Le NFT contient encore une lettre dans laquelle le scientifique explique les conditions dans lesquelles ce code source a été créé. Il y explique notamment son principal apport qui réside en trois innovations : l’URL, une adresse unique permettant d’identifier mondialement chaque document, le HTML, le langage informatique dans lequel les pages Internet sont encore aujourd’hui souvent rédigées, et le HTTP, les règles de communication qui permettent notamment à un navigateur Internet d’aller récupérer des informations sur un ordinateur distant.
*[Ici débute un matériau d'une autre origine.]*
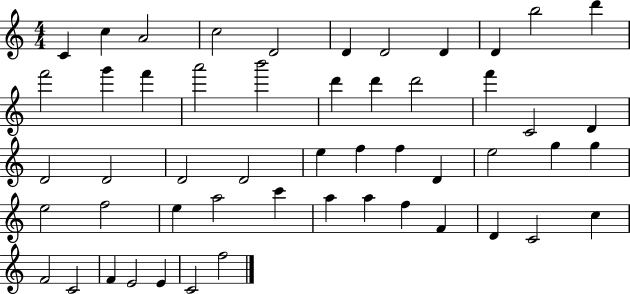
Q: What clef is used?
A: treble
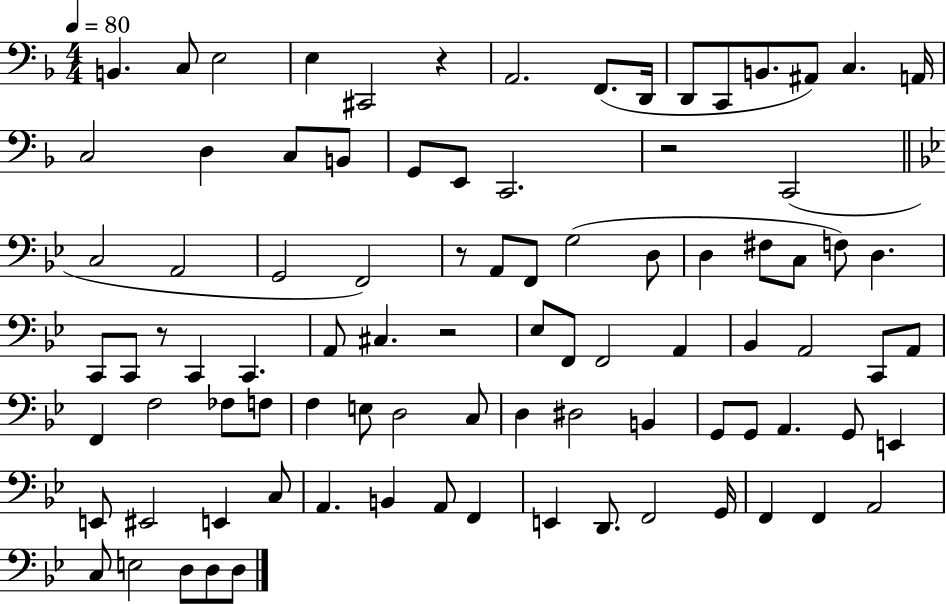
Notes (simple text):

B2/q. C3/e E3/h E3/q C#2/h R/q A2/h. F2/e. D2/s D2/e C2/e B2/e. A#2/e C3/q. A2/s C3/h D3/q C3/e B2/e G2/e E2/e C2/h. R/h C2/h C3/h A2/h G2/h F2/h R/e A2/e F2/e G3/h D3/e D3/q F#3/e C3/e F3/e D3/q. C2/e C2/e R/e C2/q C2/q. A2/e C#3/q. R/h Eb3/e F2/e F2/h A2/q Bb2/q A2/h C2/e A2/e F2/q F3/h FES3/e F3/e F3/q E3/e D3/h C3/e D3/q D#3/h B2/q G2/e G2/e A2/q. G2/e E2/q E2/e EIS2/h E2/q C3/e A2/q. B2/q A2/e F2/q E2/q D2/e. F2/h G2/s F2/q F2/q A2/h C3/e E3/h D3/e D3/e D3/e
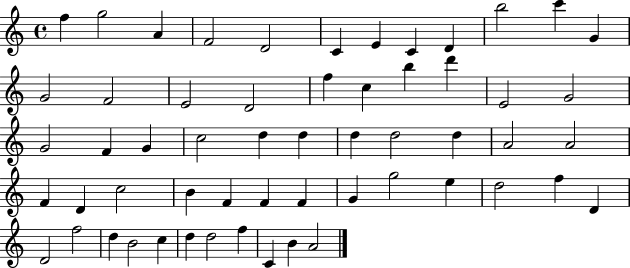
{
  \clef treble
  \time 4/4
  \defaultTimeSignature
  \key c \major
  f''4 g''2 a'4 | f'2 d'2 | c'4 e'4 c'4 d'4 | b''2 c'''4 g'4 | \break g'2 f'2 | e'2 d'2 | f''4 c''4 b''4 d'''4 | e'2 g'2 | \break g'2 f'4 g'4 | c''2 d''4 d''4 | d''4 d''2 d''4 | a'2 a'2 | \break f'4 d'4 c''2 | b'4 f'4 f'4 f'4 | g'4 g''2 e''4 | d''2 f''4 d'4 | \break d'2 f''2 | d''4 b'2 c''4 | d''4 d''2 f''4 | c'4 b'4 a'2 | \break \bar "|."
}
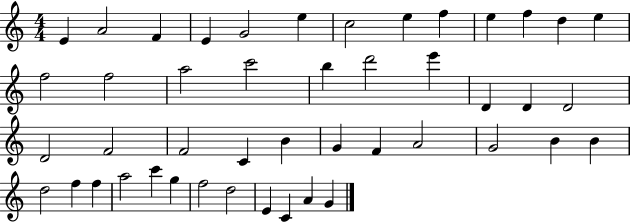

Le chercheur s’est défendu auprès du Telegraph de l’accusation de mercantilisme en comparant cette initiative à la vente d’un livre dédicacé, ou à la tenue d’une série de conférences. « C’est totalement aligné avec les valeurs du Web », a-t-il déclaré au quotidien britannique.

« Je fais des choses de ce type, qui impliquent de l’argent, mais le Web demeure libre et ouvert. Nous aurons encore et toujours à nous battre pour qu’il le demeure, en luttant notamment pour sa neutralité (…). J’ai toujours été intéressé par la possibilité d’utiliser les NFT pour financier des gens créatifs comme des musiciens et des artistes (…). Il est utile, dans l’univers numérique, d’avoir la possibilité de produire l’équivalent d’un objet. »

Selon Sotheby’s, les gains de cette vente iront à une bonne cause choisie par le scientifique et sa femme.